Well, fate snickered at me a week ago when, despite my earlier upbeat words about targets and optimising the wordmachine, production came to a grinding halt. Sparks flew and wheels screeched as the brakes were slammed on in response to my sudden realisation that the MS I was working on was not the MS I should be working on.
The epiphany? That writing a sequel to a MS that may never be published could prove to be rather a waste of time. Every writer (and publishing industry professional) knows that first novels are rarely good enough for publication. The almost unanimous advice across all the Interwebs is that it’s far better as an unpublished author to move onto something else other than a sequel; to continue to grow as a writer and demonstrate that there’s more than one story in you.
This induced some soul-searching in me as I struggled to come to terms with the fact that I need to leave these characters behind for a bit. After all, they’ve become old friends and their story is by no means finished. And the prospect of getting all intimate with a whole new bunch of characters felt . . . a lot like changing jobs: A whole lot of hard work.

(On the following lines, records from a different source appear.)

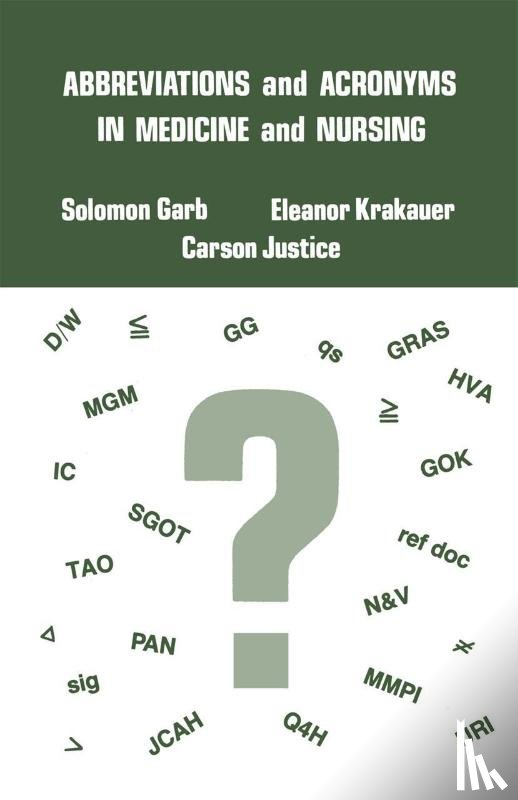Garb, Solomon, Justice, Carson, Krakauer, Eleanor - Abbreviations and Acronyms in Medicine and Nursing
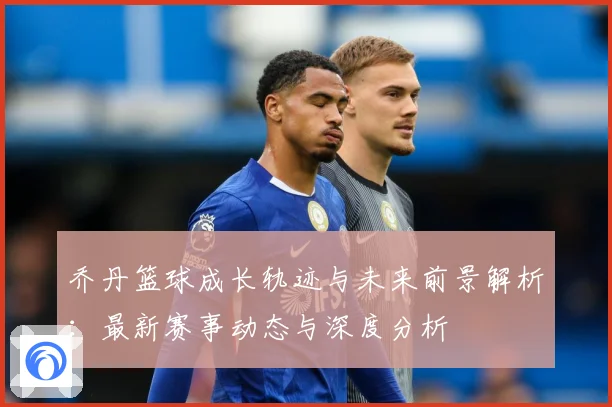 乔丹篮球成长轨迹与未来前景解析：最新赛事动态与深度分析
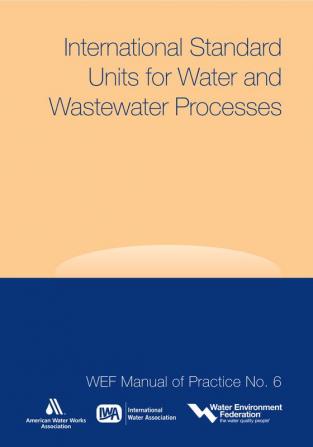 International Standard Units for Water and Wastewater Processes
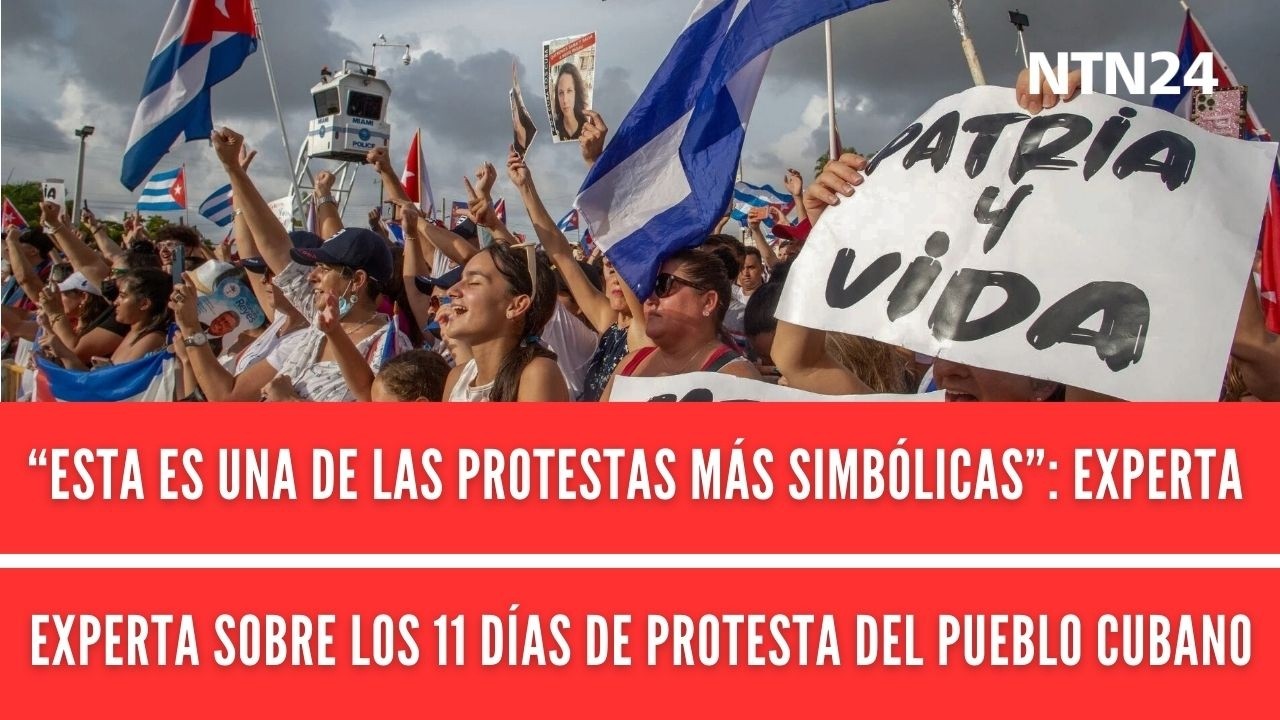 “Es una de las protestas más simbólicas”: experta sobre los 11 días de protesta del pueblo cubano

The crux of my dilemma was one which most writers inevitably face: Do we write for ourselves, or do we write with the express aim of being published? I have some writer friends who would take the former position, considering publication a heart-warming side-effect of spending time doing something they love. This leaves them blessedly unfettered from many a care that weighs down those in the other camp, who ruthlessly bottom-drawer anything not up to scratch and move on, seeking that brilliant idea that can be brilliantly executed and win that coveted First Sale. (The new e-self-publishing trend is probably creating a grey area between these two positions.)
It’s been a very long time since I decided that, more than anything, I want to be published well. Which means I need to write as many great ‘first books’ as I can (assuming that, as tends to be the case with fantasy, multiple books in a series can follow once contracted). Spending time writing a book 2 to a potentially mediocre book 1 wasn’t going to speed up the chances of actual publication.
So. Change Of Direction. Hard Work Required.
I’m going to cheat a little bit. One of the most time-consuming aspects of fantasy writing is world-building and I’ve spent a heap of time developing the world I’ve been writing in. It’s a perfectly good world and it seems a shame to waste it . . . so after a lovely brainstorming session in the pub yesterday, I am now intending to start a Brand New Story set in the same world as the first MS.
Starting new stories is all part of being a writer. When you’re an unpublished writer, labouring over that first MS, it’s easy to lose sight of the fact that once that’s finished you need to start another one. Moreover, once/if you’re published and — cross fingers — selling novels, you need to keep writing, keep starting new novels, keep starting new stories. And fantasy writers need to keep building new worlds. As a reader, I quiver with anticipation when one of my favourite authors brings out a new series, set somewhere new. (Conversely, when authors get stuck in their existing world, it can start to get same-same.)
So I am feeling rather upbeat about starting something new, actually. I suspect I will continue to mourn the loss of my two main characters for a little while yet, but hopefully I will soon embrace my new cast and develop for them a similar appreciation. It’s a clean slate and I intend to make the most of it. Onwards and upwards!
7 thoughts on “Changing direction”
Is setting the new story in the same world the wisest idea, given what you are trying to achieve? It does sound a little like you’re not ready to let go and move onto something new.
Personally I’m a great fan of different stories set in the same world. Robin Hobb is probably my favorite example.
Robin Hobb is indeed an AWESOME example of successfully setting books in the same world, and one of my favourite authors. I think she doesn’t get repetitive because she explores different parts of her world and introduces new casts of characters.
As for me, I hear what you’re saying, but this is the right thing for me right now. There is method in my madness.
Hang on a second, what just happened? You are really ditching your first MS? And after spending all that time and effort, you are going to start something new? Was there something that caused this change of heart? How do you know that your first MS is not up to scratch? Has anyone said anything to that effect (besides yourself)?
I would imagine that when it comes to writing novels, you are really putting yourself out there for judgement, good or bad. That must be very scary. But don’t you also need that feedback to grow as an author? And if you don’t have feedback – both criticism and reassurance – isn’t there the risk that you will always doubt that your MS is not good enough?
I so want you to take a leap of faith – I know that you have what it takes and I want to see you as a published fantasy author! And even if it is with a new cast of characters, you will continually have my support.
Yes, I am starting something new while the fate of the first MS is being decided. Masses of time and effort are par for the course, unfortunately, with no guaranteed outcomes! Statistically, first novels never make it, so this is a logical step 🙂
Thanks for your support XO
Given what I know about the NEW novel, I think it is the right one for you to write. The love of your current MS will shine through by using the same world, and I think you’ll learn new things about your new main characters which will make them just as special to you as those in MS1. I look forward to reading it!